Mommies and Daddies
I’ve mentioned before that we are taking a parenting class. It is more of a group than a class – we talk about different topics but it’s not really about how to parent.
Two weeks ago we did an activity in this class where the group was split: Moms and Dads. Our facilitator was great – she split us into three groups, two mom groups and one dad groups. Lesley and I were in separate groups as we did the activity. THe activity asked us to talk about things we appreciate about our partner and things we miss from prebaby life. At the end of ten minutes we got together and shared with the group.
As we drove home we talked about the activity. Lesley said that she felt kind of out of place in the mom group. Both mom groups had similar answers to the question of things we appreciate about our partner – we appreciate when our partner gets up with baby at night at and when they do ANYTHING without being asked. The dad group was more that their partner supports them in pursuing their outside hobbies. Lesley’s group had that one listed, too, upon Lesley’s suggestion. Lesley said that next time she might opt to be in the dad group.

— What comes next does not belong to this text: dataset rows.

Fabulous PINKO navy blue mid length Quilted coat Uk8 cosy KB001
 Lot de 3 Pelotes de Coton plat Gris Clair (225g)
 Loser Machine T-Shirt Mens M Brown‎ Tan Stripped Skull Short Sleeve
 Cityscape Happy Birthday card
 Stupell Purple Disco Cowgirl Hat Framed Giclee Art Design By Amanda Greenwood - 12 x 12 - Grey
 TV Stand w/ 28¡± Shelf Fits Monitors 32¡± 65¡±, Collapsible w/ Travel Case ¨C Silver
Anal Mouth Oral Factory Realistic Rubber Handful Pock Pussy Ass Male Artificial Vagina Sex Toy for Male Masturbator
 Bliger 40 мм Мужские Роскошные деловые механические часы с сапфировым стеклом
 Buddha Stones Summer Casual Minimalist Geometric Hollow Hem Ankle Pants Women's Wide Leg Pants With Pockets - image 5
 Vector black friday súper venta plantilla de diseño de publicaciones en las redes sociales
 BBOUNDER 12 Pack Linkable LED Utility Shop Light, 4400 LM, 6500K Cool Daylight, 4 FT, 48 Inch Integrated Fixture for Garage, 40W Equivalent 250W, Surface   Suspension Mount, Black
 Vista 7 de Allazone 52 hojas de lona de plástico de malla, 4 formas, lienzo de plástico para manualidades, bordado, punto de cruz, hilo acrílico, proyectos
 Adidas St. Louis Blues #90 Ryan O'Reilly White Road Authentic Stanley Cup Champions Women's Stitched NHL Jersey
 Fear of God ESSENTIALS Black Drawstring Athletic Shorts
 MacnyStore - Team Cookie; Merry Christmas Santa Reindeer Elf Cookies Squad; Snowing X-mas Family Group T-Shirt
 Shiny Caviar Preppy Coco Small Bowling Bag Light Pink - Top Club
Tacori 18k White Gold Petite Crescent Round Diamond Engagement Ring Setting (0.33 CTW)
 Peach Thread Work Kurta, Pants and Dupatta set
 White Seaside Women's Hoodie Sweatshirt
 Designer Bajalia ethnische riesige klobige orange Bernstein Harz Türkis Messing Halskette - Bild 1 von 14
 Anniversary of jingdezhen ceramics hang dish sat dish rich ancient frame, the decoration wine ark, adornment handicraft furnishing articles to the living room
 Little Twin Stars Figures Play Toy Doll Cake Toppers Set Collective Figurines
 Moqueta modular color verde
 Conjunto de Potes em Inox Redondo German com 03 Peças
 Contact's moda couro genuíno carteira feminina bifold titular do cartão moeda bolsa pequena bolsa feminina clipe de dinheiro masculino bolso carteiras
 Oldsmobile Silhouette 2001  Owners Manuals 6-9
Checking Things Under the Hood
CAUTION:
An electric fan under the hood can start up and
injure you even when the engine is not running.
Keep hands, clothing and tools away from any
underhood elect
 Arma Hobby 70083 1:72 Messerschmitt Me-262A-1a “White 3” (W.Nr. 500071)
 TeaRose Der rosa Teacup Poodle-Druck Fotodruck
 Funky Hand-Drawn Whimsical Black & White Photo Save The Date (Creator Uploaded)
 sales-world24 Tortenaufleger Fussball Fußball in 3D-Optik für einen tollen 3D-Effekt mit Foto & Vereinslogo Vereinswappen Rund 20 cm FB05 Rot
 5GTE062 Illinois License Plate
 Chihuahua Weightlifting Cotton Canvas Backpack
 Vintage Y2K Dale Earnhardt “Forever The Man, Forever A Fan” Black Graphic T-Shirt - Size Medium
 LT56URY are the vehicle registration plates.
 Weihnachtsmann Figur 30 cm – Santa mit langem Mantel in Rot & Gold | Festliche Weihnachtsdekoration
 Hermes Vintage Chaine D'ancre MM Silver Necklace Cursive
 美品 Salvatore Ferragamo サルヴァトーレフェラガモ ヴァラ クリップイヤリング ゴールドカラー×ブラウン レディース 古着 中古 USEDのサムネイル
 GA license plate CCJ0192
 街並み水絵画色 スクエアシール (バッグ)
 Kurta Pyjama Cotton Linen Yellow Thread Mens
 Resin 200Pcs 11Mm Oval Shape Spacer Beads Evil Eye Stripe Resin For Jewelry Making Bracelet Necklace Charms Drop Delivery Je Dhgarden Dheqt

There was talk at our last group meeting about a daddy beer night where the daddies decided to get together for beer. One dad came over to us and told us that either one of us or both of us were welcome to come. Though our group’s Facebook page there was talk that there should be a mommies’ night. Lesley and I paused – what do we do? She decided that she would go to daddy beer night (and campaign for it to be “nongestational parent beer night”) as “I don’t need to sit around here while y’all talk about your boobs”. I offered to host mommy night, she found a place for her and August to go, and I started pumping after bedtime.
Last night was mommies night and as I type Lesley is off at daddy beer night. I’ll admit I was nervous leading up to the night. This is the first time this group of women has really hung out. Maybe it is my midwest upbringing but I constantly feel like I am waiting for people to discriminate against us. While I did not expect hostility from this group I did wonder if everyone would have a glass of wine and start to ask me the dreaded questions – the things I figure they really want to know about lesbian parents. But there was nothing. It was fun and I found like I could really have conversations with them. Two different moms commented that they also like games on our game shelf (bonanza and ticket to ride), mom’s commented about how they also like our favorite artists (nikki mclure and brian andreas). The mom I like the best (who Lesley and I both think is the pretty one) also wants her son to play hockey. We talked about birth and breastfeeding and our lives and it was fun. I honestly never considered that this night might be fun.
I really wanted to connect with other LGBT families once we had a baby. I still do. I wanted to find families like ours to talk to and talk through challenges with. We are very lucky that we have a handful of those families. We joined this parenting class because we’ve heard such good things. This is where everyone in town has met their baby friends. I went into it hoping to meet some people and am surprised how much I like them. They are all very different than us. Very straight. Mostly very mainstream. But I find that I fit in there more than I expected. For the last 13 years my main identity has been as a dyke. Not just a lesbian, a dyke. Out, loud, shaved head, second wave feminist, Ferron listening dyke. And last night I realized for the first time that now my main identity is a mom. I wouldn’t change a single thing.